THE PROBLEM: Going down the listing below, print exactly each line from the one with "Used 2022 Audi SQ8 Prestige image 23" up to and including the one with "Protestan víctimas en", and skip the rest.

EXCERPTED RECORDS:
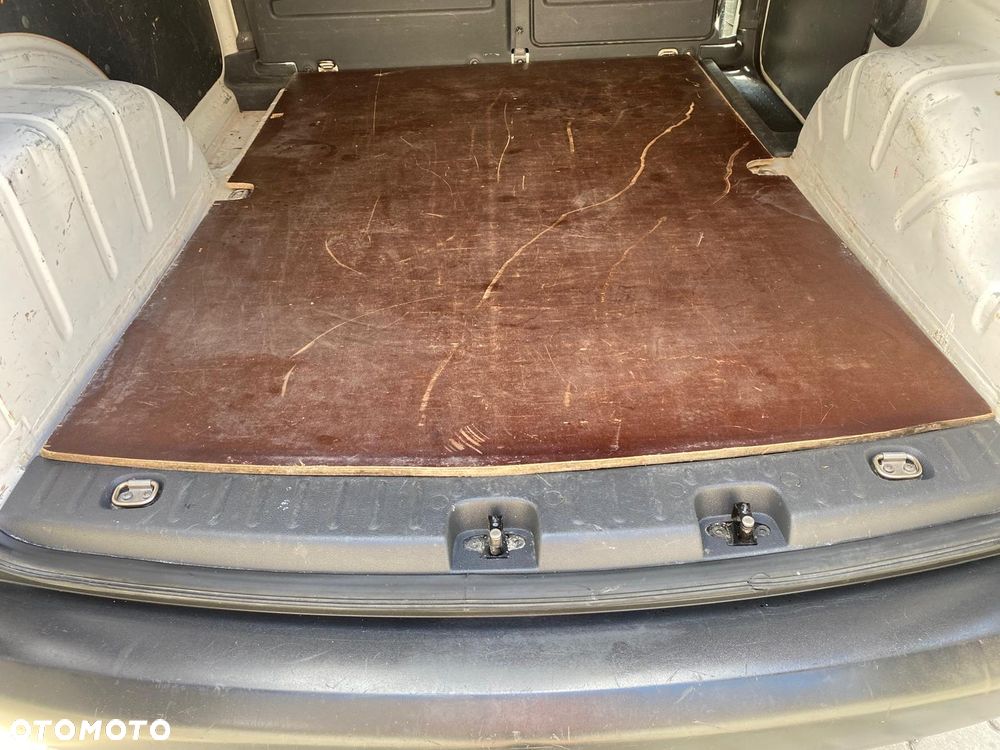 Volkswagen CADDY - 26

==

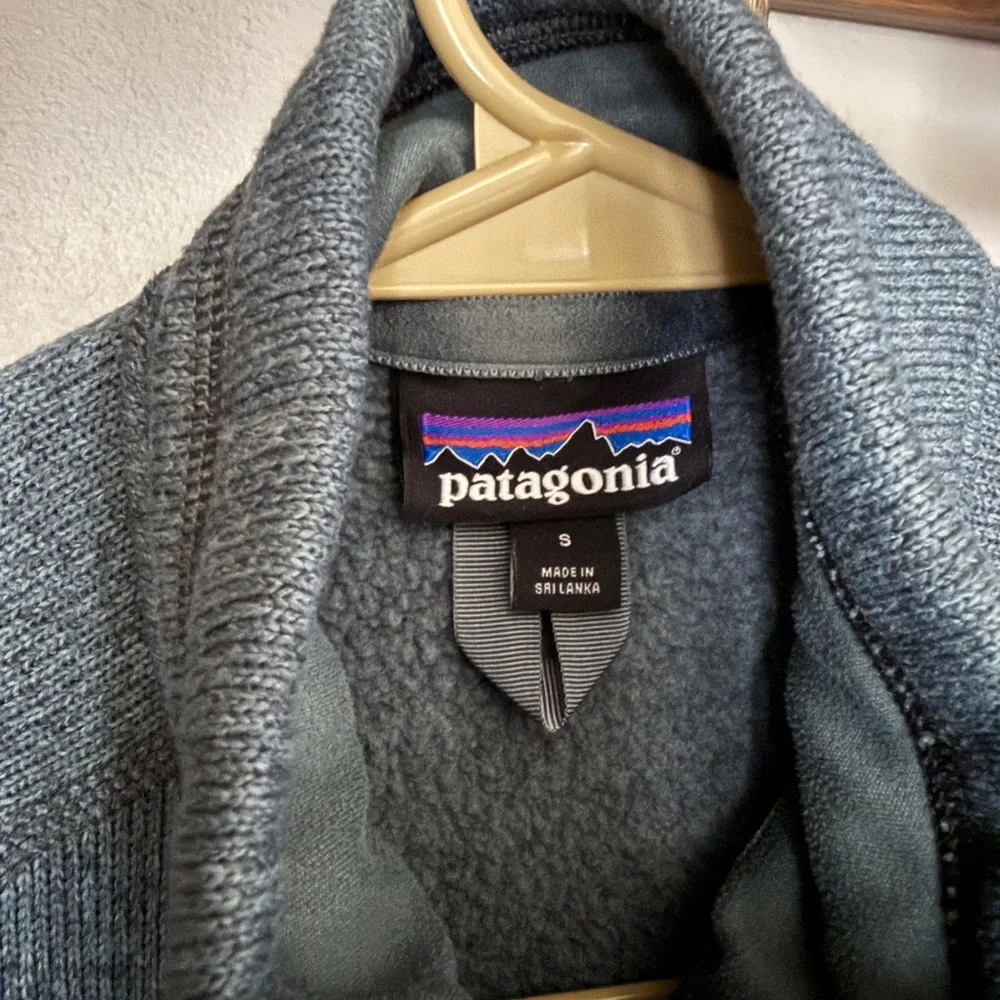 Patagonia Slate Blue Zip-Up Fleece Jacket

---

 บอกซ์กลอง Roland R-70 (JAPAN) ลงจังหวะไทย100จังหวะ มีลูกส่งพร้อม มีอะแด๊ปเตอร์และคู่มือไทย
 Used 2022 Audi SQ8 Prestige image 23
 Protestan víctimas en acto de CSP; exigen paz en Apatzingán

RESPONSE BELOW:
 Used 2022 Audi SQ8 Prestige image 23
 Protestan víctimas en acto de CSP; exigen paz en Apatzingán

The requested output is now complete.